Repeat all entries word for word; skip images.

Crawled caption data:
════════════════════
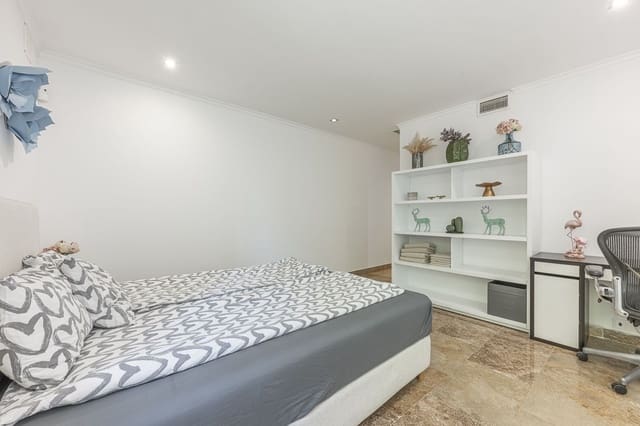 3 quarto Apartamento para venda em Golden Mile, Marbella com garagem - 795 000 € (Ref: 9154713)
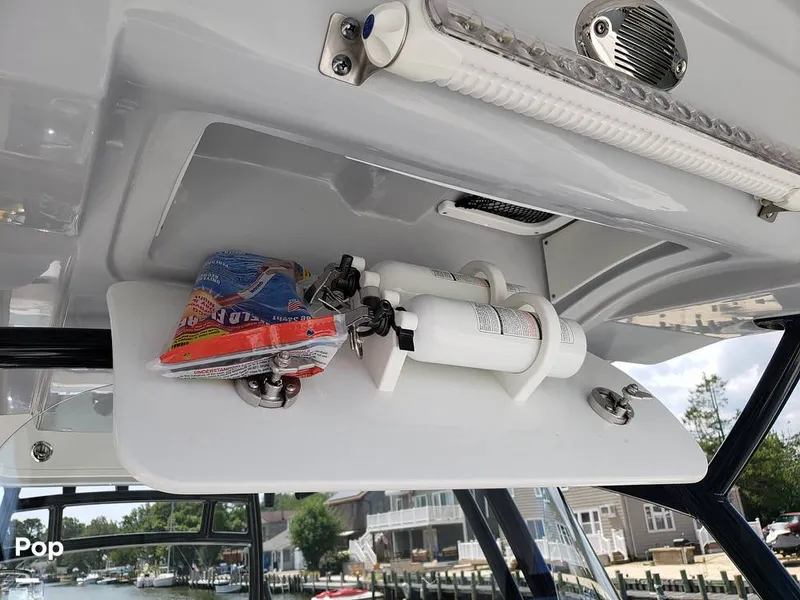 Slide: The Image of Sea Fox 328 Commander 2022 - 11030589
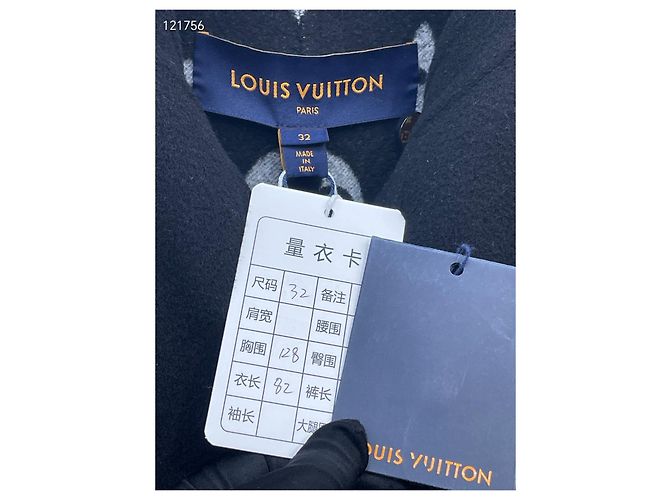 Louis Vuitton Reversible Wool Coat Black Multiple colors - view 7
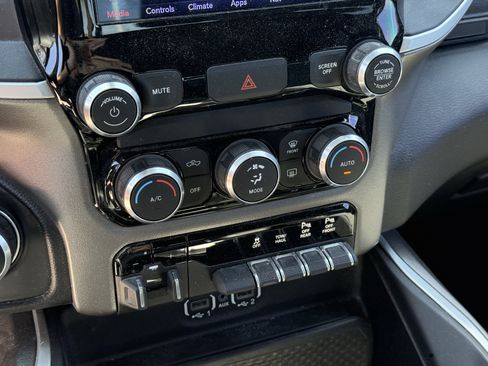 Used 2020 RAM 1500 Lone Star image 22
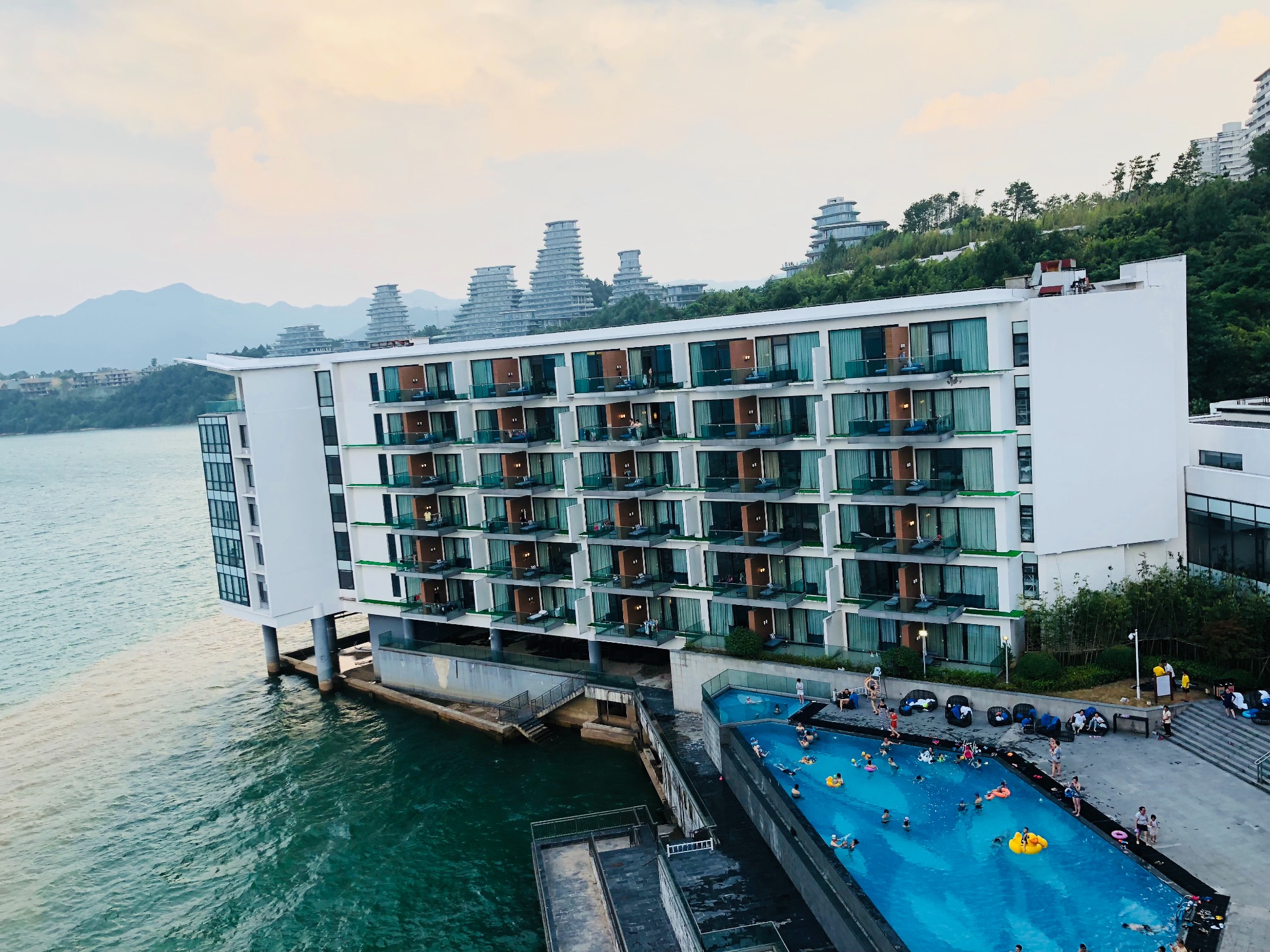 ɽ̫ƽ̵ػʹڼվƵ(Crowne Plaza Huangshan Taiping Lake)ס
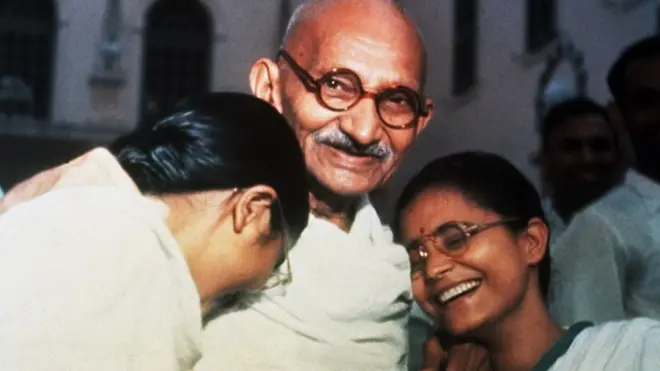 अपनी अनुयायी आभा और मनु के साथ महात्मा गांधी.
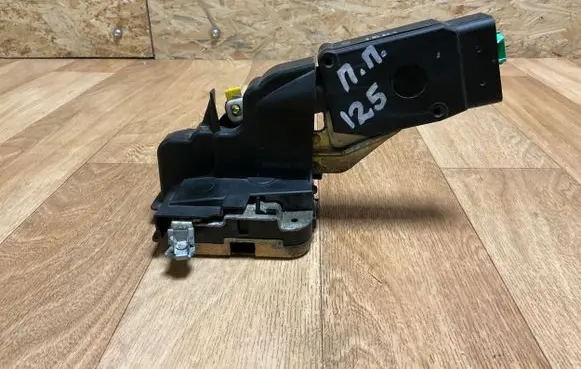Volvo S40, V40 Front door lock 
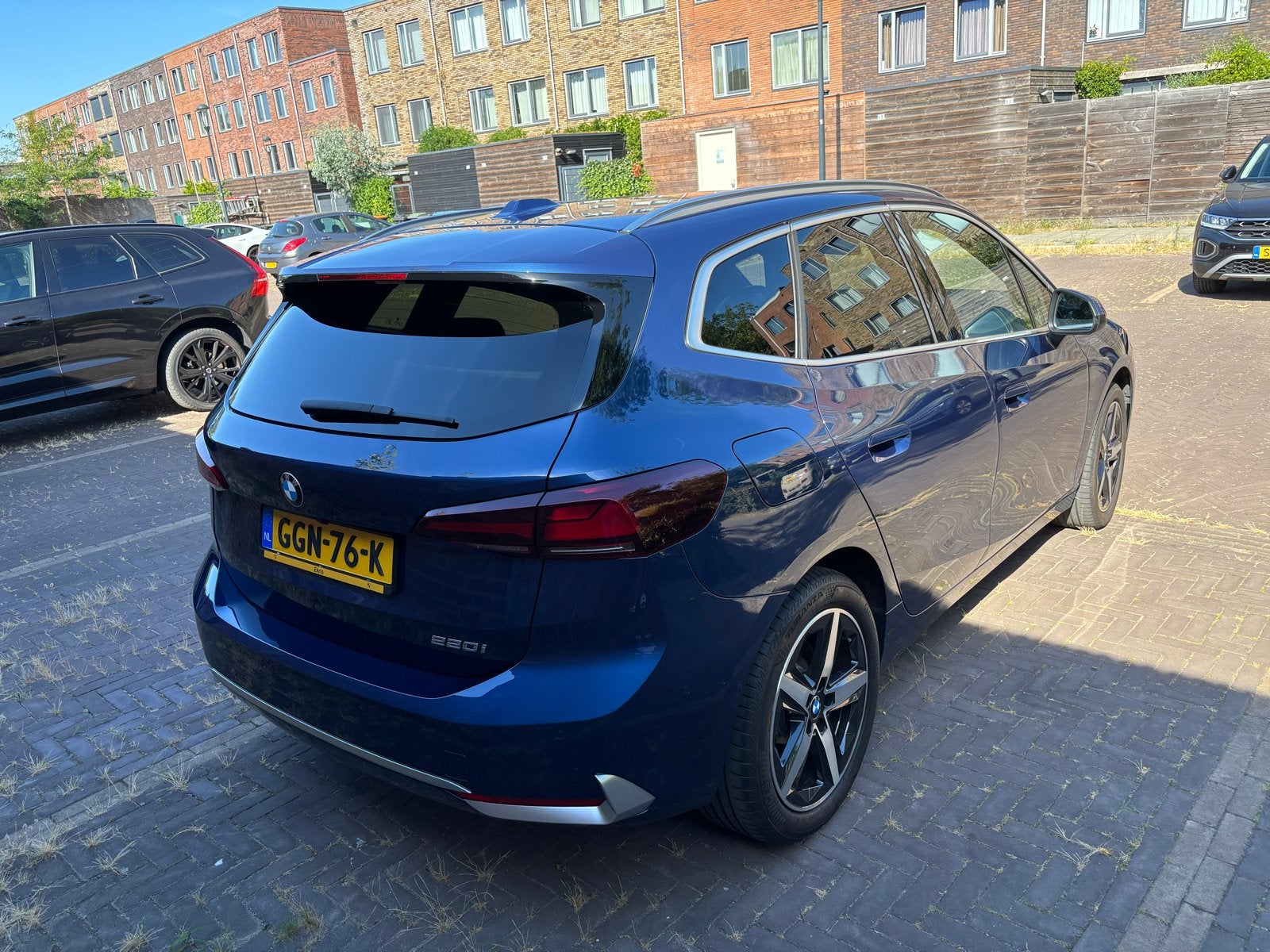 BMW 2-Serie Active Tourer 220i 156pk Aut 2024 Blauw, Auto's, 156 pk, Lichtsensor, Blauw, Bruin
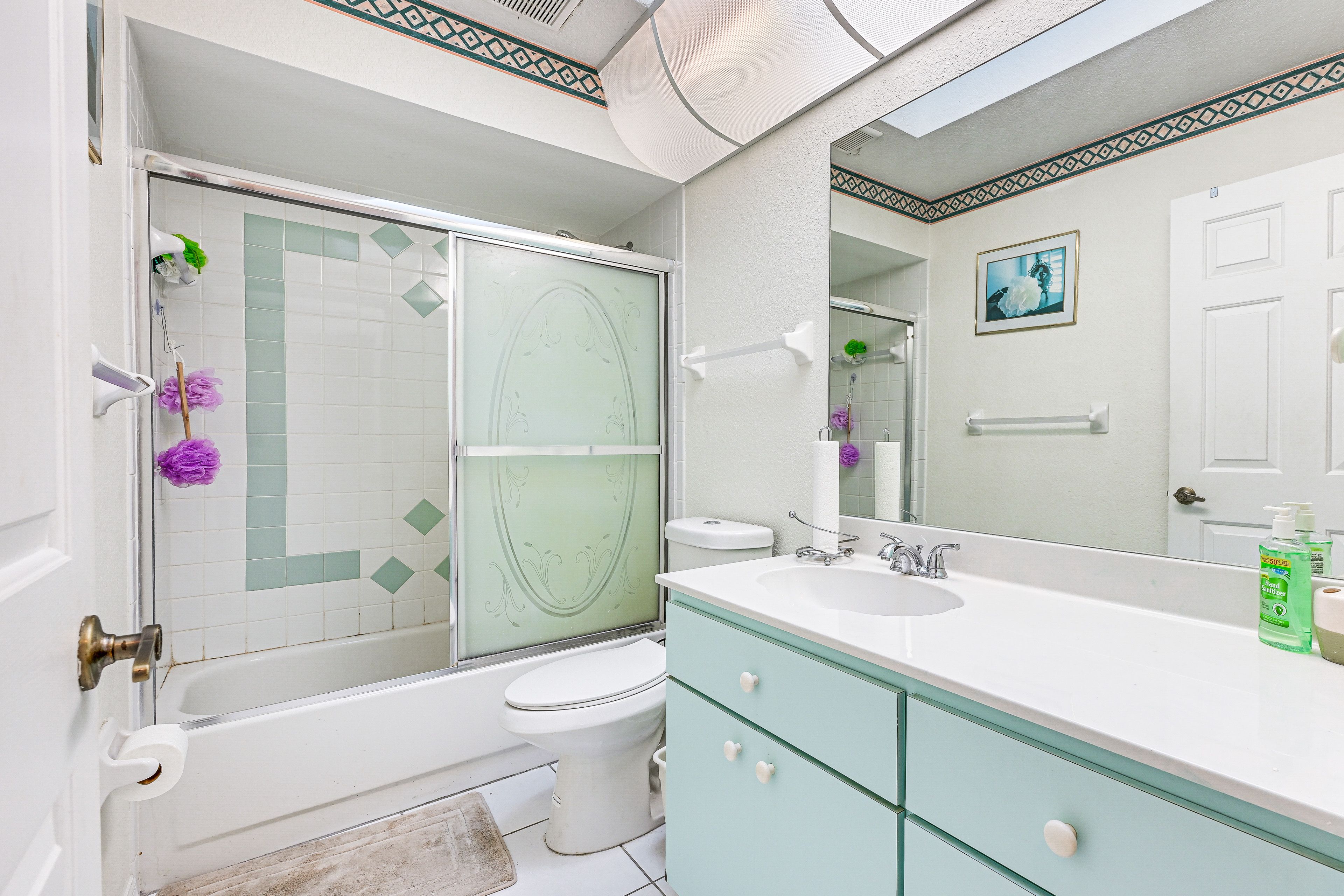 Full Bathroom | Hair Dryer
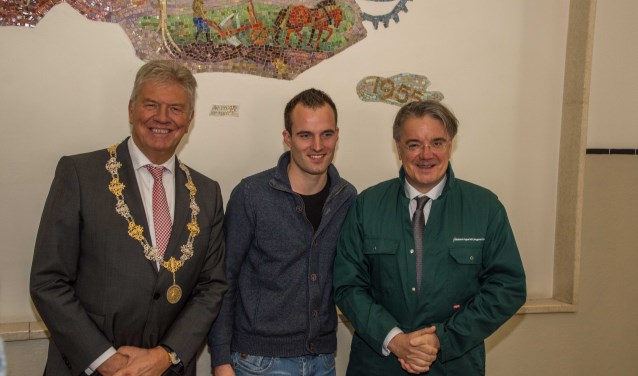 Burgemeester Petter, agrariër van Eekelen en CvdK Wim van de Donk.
════════════════════
» **Worked solution**
 3 quarto Apartamento para venda em Golden Mile, Marbella com garagem - 795 000 € (Ref: 9154713)
 Slide: The Image of Sea Fox 328 Commander 2022 - 11030589
 Louis Vuitton Reversible Wool Coat Black Multiple colors - view 7
 Used 2020 RAM 1500 Lone Star image 22
 ɽ̫ƽ̵ػʹڼվƵ(Crowne Plaza Huangshan Taiping Lake)ס
 अपनी अनुयायी आभा और मनु के साथ महात्मा गांधी.
Volvo S40, V40 Front door lock 
 BMW 2-Serie Active Tourer 220i 156pk Aut 2024 Blauw, Auto's, 156 pk, Lichtsensor, Blauw, Bruin
 Full Bathroom | Hair Dryer
 Burgemeester Petter, agrariër van Eekelen en CvdK Wim van de Donk.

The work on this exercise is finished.